My thornless boysenberry still has a few thorns, but is relatively thornless compared to a regular boysenberry. Mine have a shorter, fat berry rather than a long thin one.

Hmm i dont think so… since you said your berries are small and dont have much flavor whereas mine are very large and long and taste is pretty good.

I guess while i am on subject without making another post…

TyTy/Willis/ShrubsandTreesDepot/Ebay guy and his other websites - all of the old U of Ark that they list are all seedlings of some sort. Actually a couple of them are ok. All of the berries are the size of your pinky nail. Cherokee/Choctaw/Shawnee etc… everything i have grown out has been bogus. YMMV on your purchases.

Kriegers- Loganberry - Erect very invasive canes that produce blackberries smaller than your pinky nail. I doubt that they have any idea that they are selling the wrong thing. They are a pretty honest reliable company. I just think they have not grown them out for a long time. I confirmed by photo that they did not send me the wrong thing. So as far as they are concerned its Loganberry… Its not.

Isons- Loganberry- This thing that they sell gives off tons of very skinny and spiny canes that yield tiny blackberries. I doubt that they have grown them out themselves in years… and again are a pretty reputable company and likely have no idea what they are actually selling.
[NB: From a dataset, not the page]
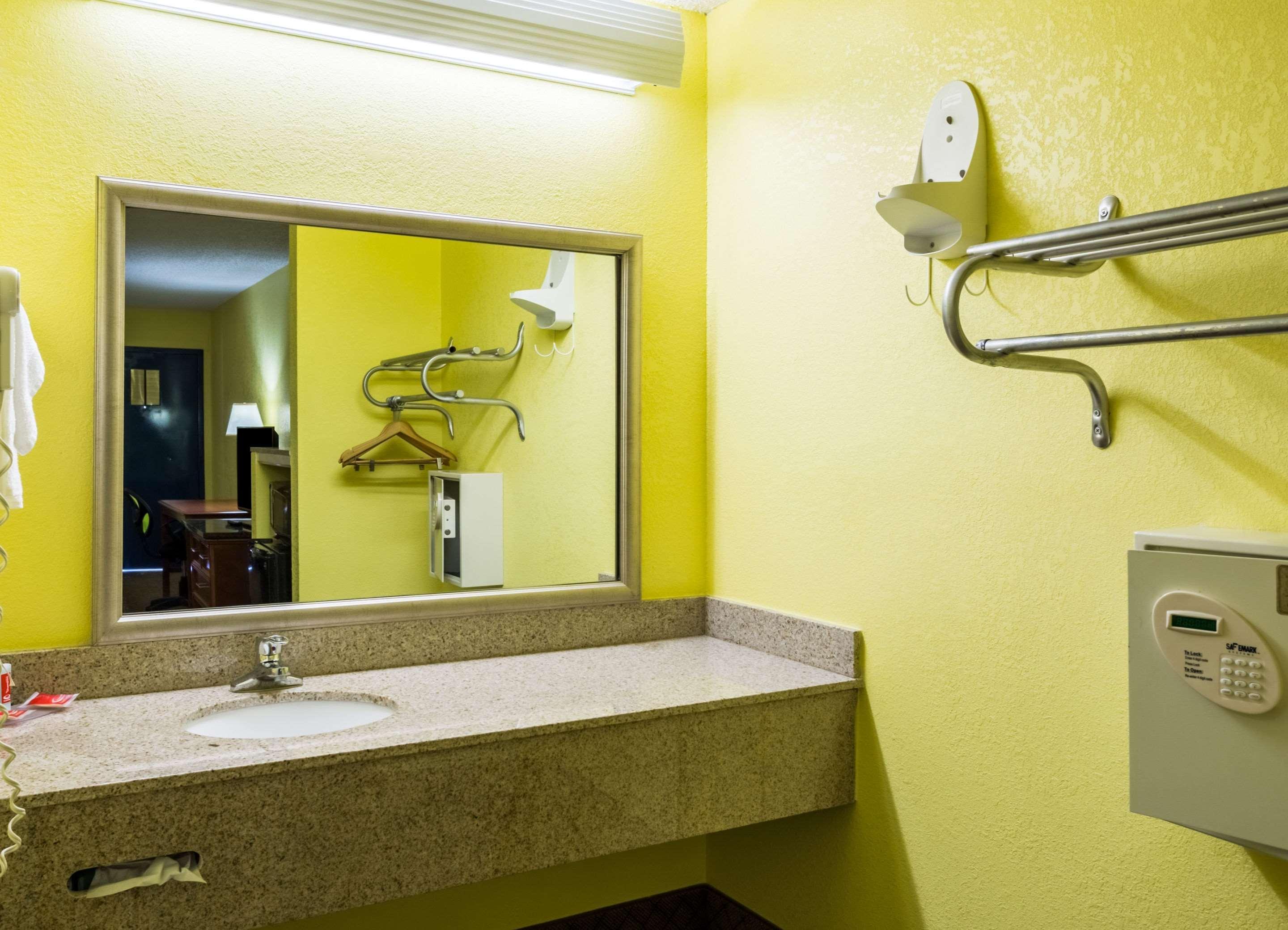 Econo Lodge Picayune Ngoại thất bức ảnh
I say this now because now is the time of year that i make my decisions as to what i want to keep and remove… i cut to the ground and usually that kills the crown with the heat and drought. I will of course pull the crown in a month or so then hopefully not have to deal with the roots being alive and giving new gifts for years to come.

In contrast i pulled my Poncas out early this spring… with a shovel and mattock… and i have many hundreds of new Poncas… So it works both ways… those will be dug and ‘moved’ to a new row in the fall. Thats the easiest way for me…instead of having to baby a bunch of plants all spring and summer and into fall. YMMV.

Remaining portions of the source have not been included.